───── Information supplied
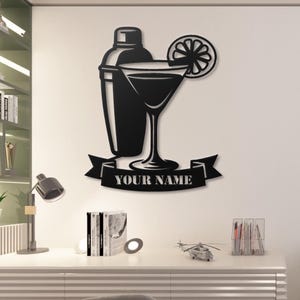 May include: Black metal wall art featuring a cocktail shaker, martini glass with a lemon slice, and a banner with the text "YOUR NAME". The design is a silhouette, suitable for a bar or kitchen.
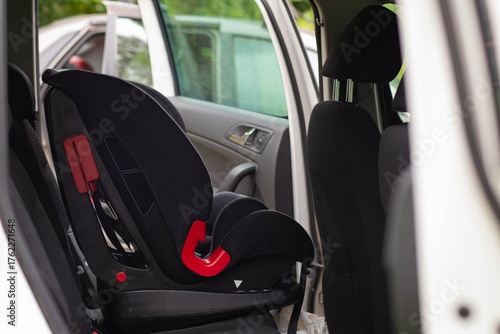 A close-up shot of a black child car seat with bright red latch elements, installed on the rear seat of a white car.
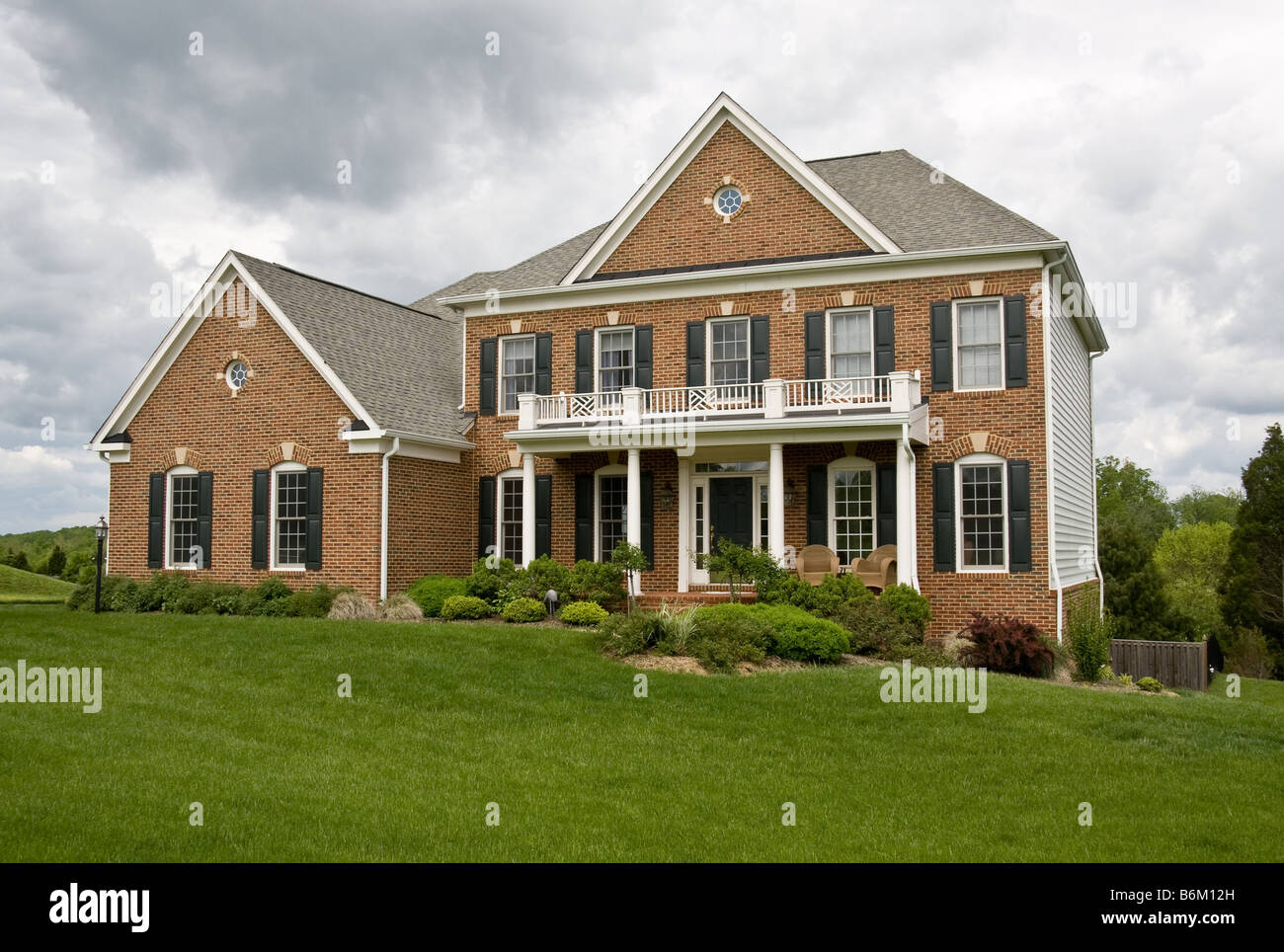 Front view of large modern single family house in the suburbs on a Stock Photo: 21338201 Alamy Front view of large modern single family house in the suburbs on a Stock Photo: 21338201 Alamy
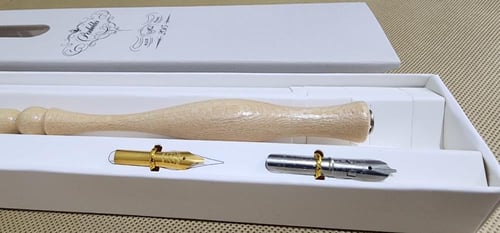 سلاية أزمرويد فضية على مقبض خشبي فاخر osmiroid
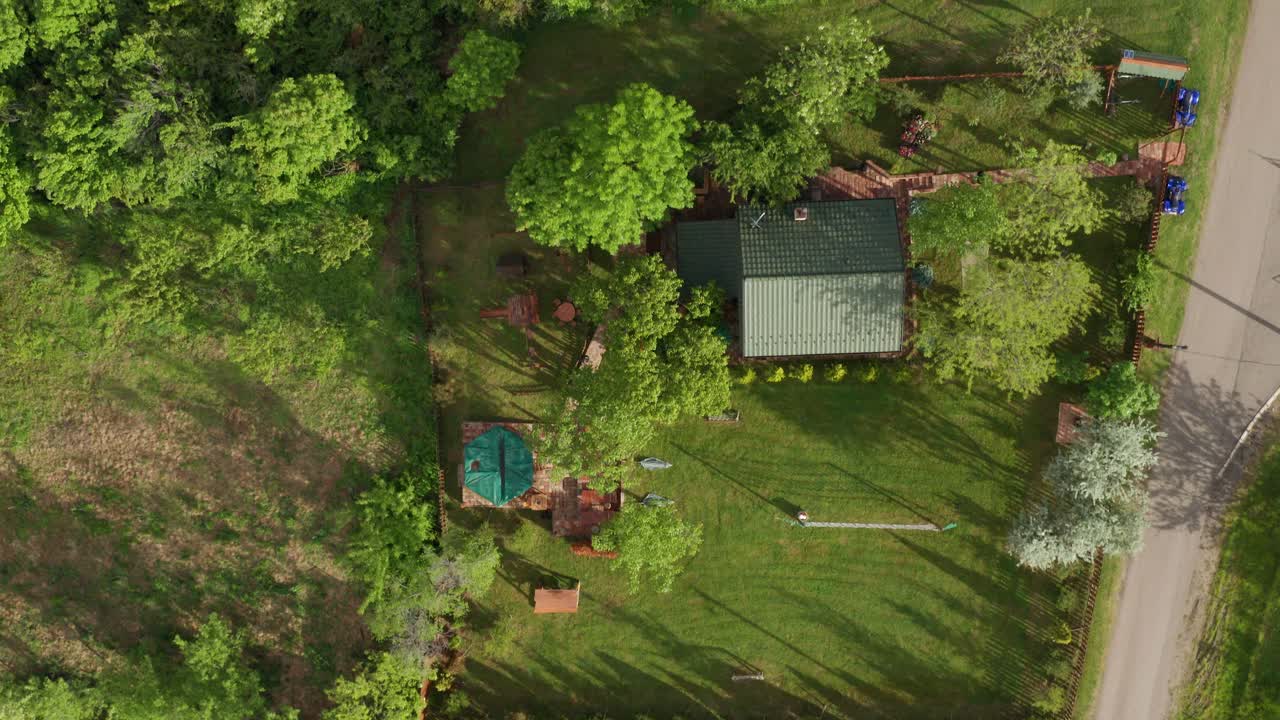 Aerial top down shot of countryside house and garden layout
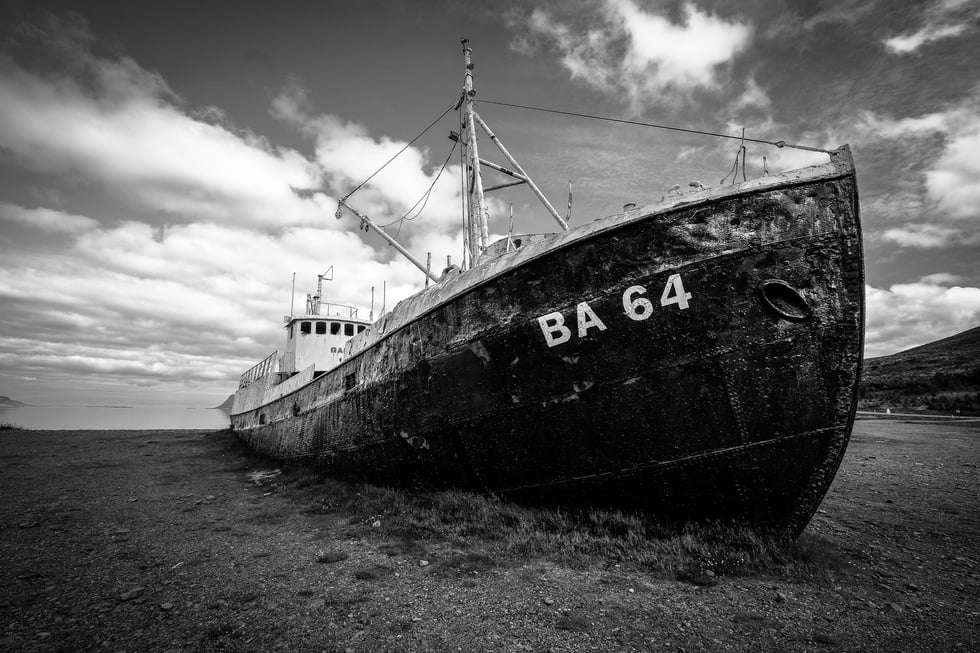 Grayscale Photography of Abandoned Cargo Ship on Field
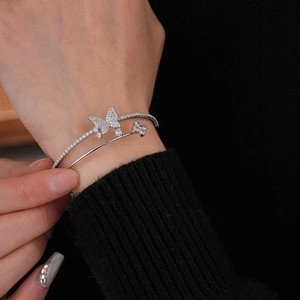 Detail of silver double-layered butterfly and flower cuff bracelet worn on hand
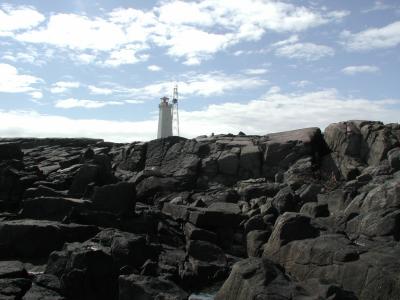 Rocky coast with mountains and lighthouse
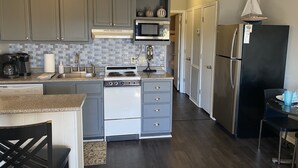 A kitchen with grey cabinets, a stainless steel refrigerator, a microwave, and a stove.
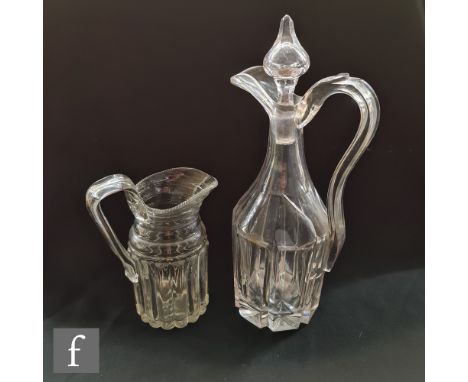 A 19th Century clear cut crystal claret jug with mitre cut panel body beneath a tapered neck with arcghed handle, later repla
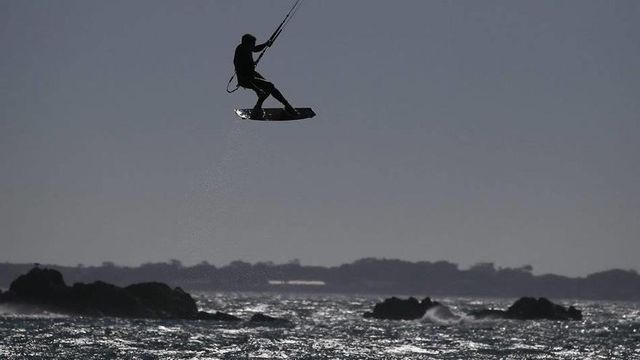 Un deportista practicando kitesurf en la costa de Barcelona
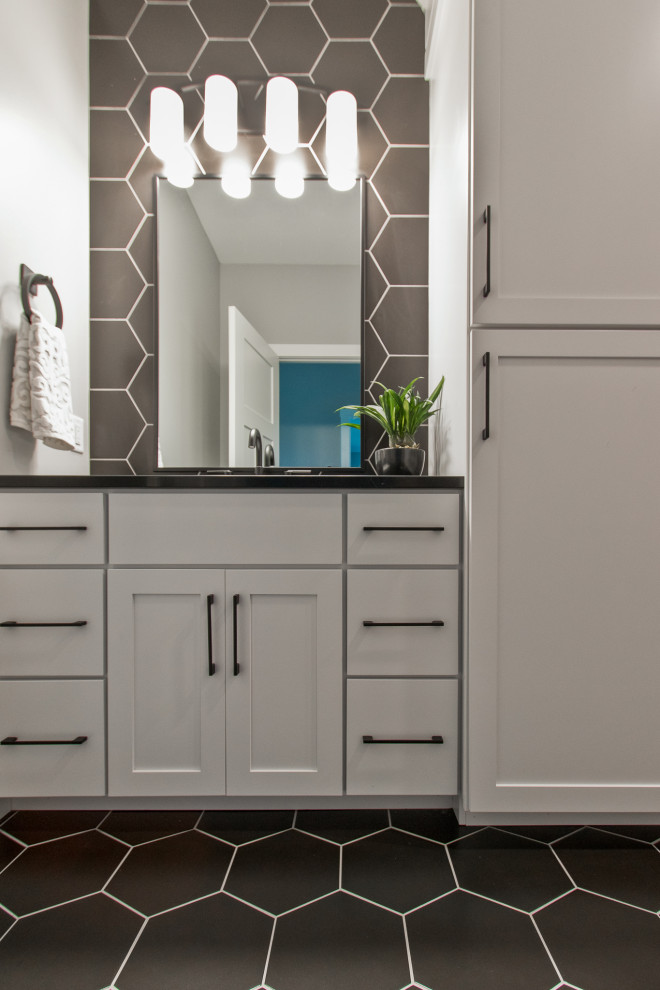 Transitional porcelain tile and black floor doorless shower photo with recessed-panel cabinets, white cabinets, a two-piece toilet, white walls, quartz countertops, black countertops and a built-in vanity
──────────
Leave out each picture and extract the lines from the one containing "A 19th Century" through the end of the records above, inclusive, exactly as they stand.

Written answer
 A 19th Century clear cut crystal claret jug with mitre cut panel body beneath a tapered neck with arcghed handle, later repla
 Un deportista practicando kitesurf en la costa de Barcelona
 Transitional porcelain tile and black floor doorless shower photo with recessed-panel cabinets, white cabinets, a two-piece toilet, white walls, quartz countertops, black countertops and a built-in vanity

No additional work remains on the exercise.